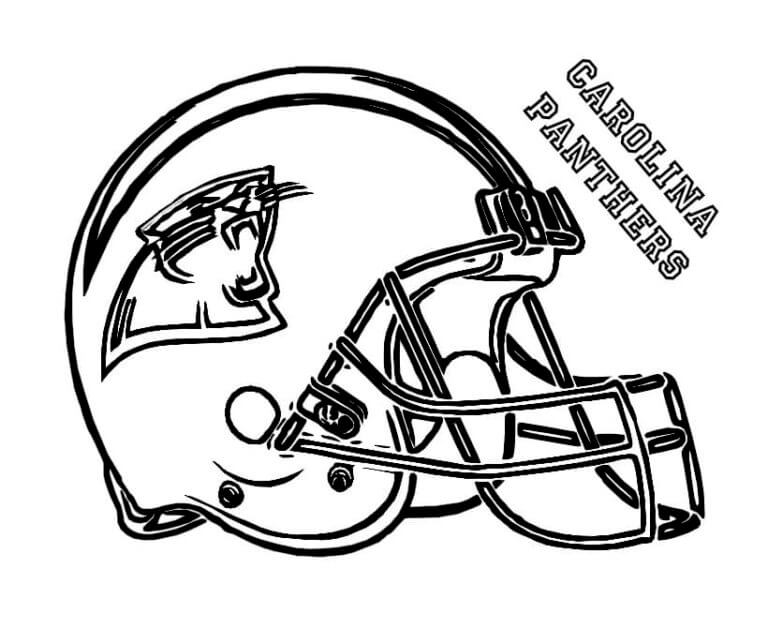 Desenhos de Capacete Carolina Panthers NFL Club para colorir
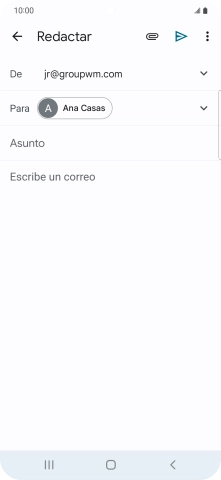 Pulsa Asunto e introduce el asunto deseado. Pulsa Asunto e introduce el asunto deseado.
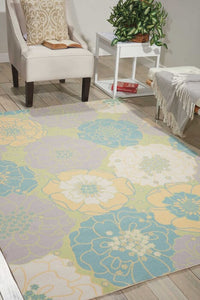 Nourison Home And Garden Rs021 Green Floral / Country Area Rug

|---|

DIRECTIONS FOR THIS TASK —
A faithful, picture-free copy of the material is what this task asks for.

OUTPUT OF THE TASK —
 Desenhos de Capacete Carolina Panthers NFL Club para colorir
 Pulsa Asunto e introduce el asunto deseado. Pulsa Asunto e introduce el asunto deseado.
 Nourison Home And Garden Rs021 Green Floral / Country Area Rug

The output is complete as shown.